《机器学习实战》第三章 分类
MNIST数据集
我用的scikit-learn是0.22版本的已经取消了fetch_mldata
原书代码为:
from sklearn.datasets import fetch_mldata
mnist = fetch_mldata('MNIST original')
mnist
这样会加载不下来数据库,所以我们只能自己去网上获取数据集,让后放到工程文件里。
下载地址参考:https://blog.csdn.net/qq_30815237/article/details/87972110
下面是加载数据集的代码:
import scipy.io as scio
data_path = "mnist_dataset/mnist-original.mat"
# 获取数据集
def get_mnist_dataset(path):
data = scio.loadmat(path)
return data
mnist = get_mnist_dataset(data_path)
mnist
mnist = get_mnist_dataset(data_path)
X, y = mnist["data"].transpose(), mnist["label"].ravel()
X.shape, y.shape
Out:
((70000, 784), (70000,))
这里应该是数据集的格式有问题,原书中并没有使用到转置的方法。输出就是正常的(每行是一个实例,每列为单个属性),但是我下载的数据集需要转置,并且“label”标注需要用ravel()
将其转为一维的数组,否则会警报,但是不会影响运行结果,建议还是降维,这样应该是更严谨的。
import numpy as np
# 划分训练集和测试集
X_train, X_test, y_train, y_test = X[:60000], X[60000:], y[:60000], y[60000:]

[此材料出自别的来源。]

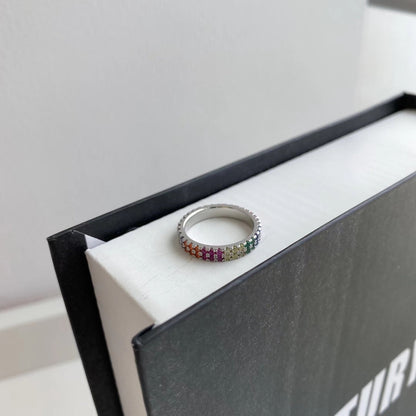 [Everoly JW]Unique Colorful Round Cut Tennis Ring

# 将训练集洗牌,这样能保证交叉验证时所有折叠都差不多
np.random.seed(42)
shuffle_index = np.random.permutation(60000)
X_train, y_train = X_train[shuffle_index], y_train[shuffle_index]
X_train[shuffle_index], y_train[shuffle_index]
这里训练之前,要将数据的顺序打乱,洗牌。这样能够保证交叉验证时所有的折叠都差不多。此外还有些机器学习的算法对训练实例的顺序敏感,如果连续输入相似的实例,可能导致性能不佳。
训练一个二元分类器
"""训练一个二元分类器"""
y_train_5 = (y_train == 5) # true for all 5s, False for all other digits
y_test_5 = (y_test == 5)
from sklearn.linear_model import SGDClassifier
sgd_clf = SGDClassifier(random_state=42)
sgd_clf.fit(X_train, y_train_5)
some_digit = X[36000]
sgd_clf.predict([some_digit])
Out:
array([ True])
SGD随机梯度下降分类器,能够有效处理非常大型的数据集。SGD独立处理训练实例,一次一个,使得SGD非常适合在线学习。
性能考核
from sklearn.model_selection import StratifiedKFold
from sklearn.base import clone
skflods = StratifiedKFold(n_splits=3, shuffle=True, random_state=42)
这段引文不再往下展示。